→ **DIRECTIONS FOR THIS TASK**
Except for images, print the whole listing verbatim.

→ **INPUT DATA**
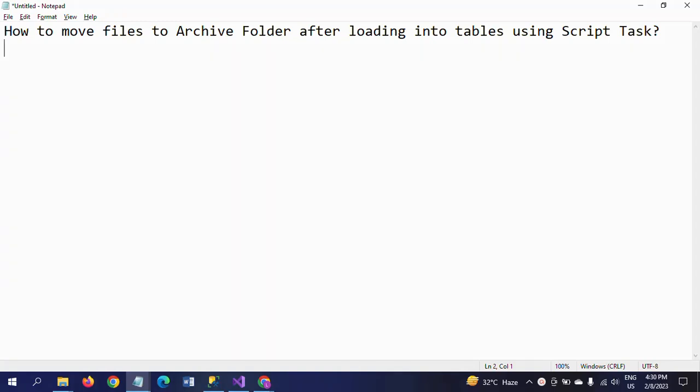Hello friends, this is Ramana. Today I will show a demo on how to move your files to an archive folder after loading the data into tables by using script tasks.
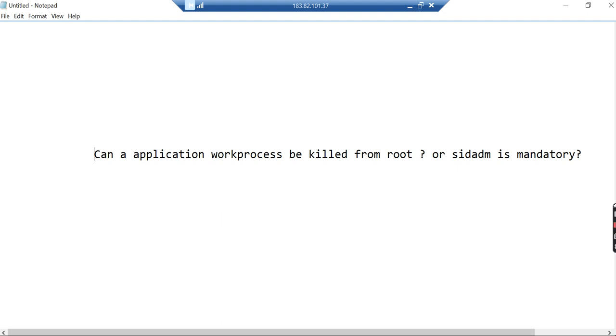For me this is absolutely wrong. You can kill either from sidadm or from root, because root user is the master user that has all privileges. Sometimes your kill command never works from sidadm, so you need to use root. I always use root and there's no issue.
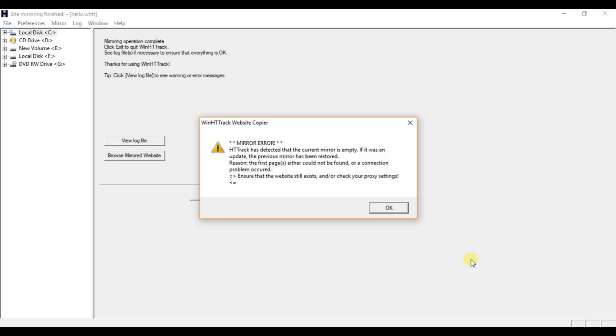Hello guys and welcome back to a new tutorial. This is Ketul Patel and today we are going to see how we can solve this error while using HTTrack Website Copier software. So let's start the tutorial.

→ **RESPONSE TO THIS EXERCISE**
Hello friends, this is Ramana. Today I will show a demo on how to move your files to an archive folder after loading the data into tables by using script tasks.
For me this is absolutely wrong. You can kill either from sidadm or from root, because root user is the master user that has all privileges. Sometimes your kill command never works from sidadm, so you need to use root. I always use root and there's no issue.
Hello guys and welcome back to a new tutorial. This is Ketul Patel and today we are going to see how we can solve this error while using HTTrack Website Copier software. So let's start the tutorial.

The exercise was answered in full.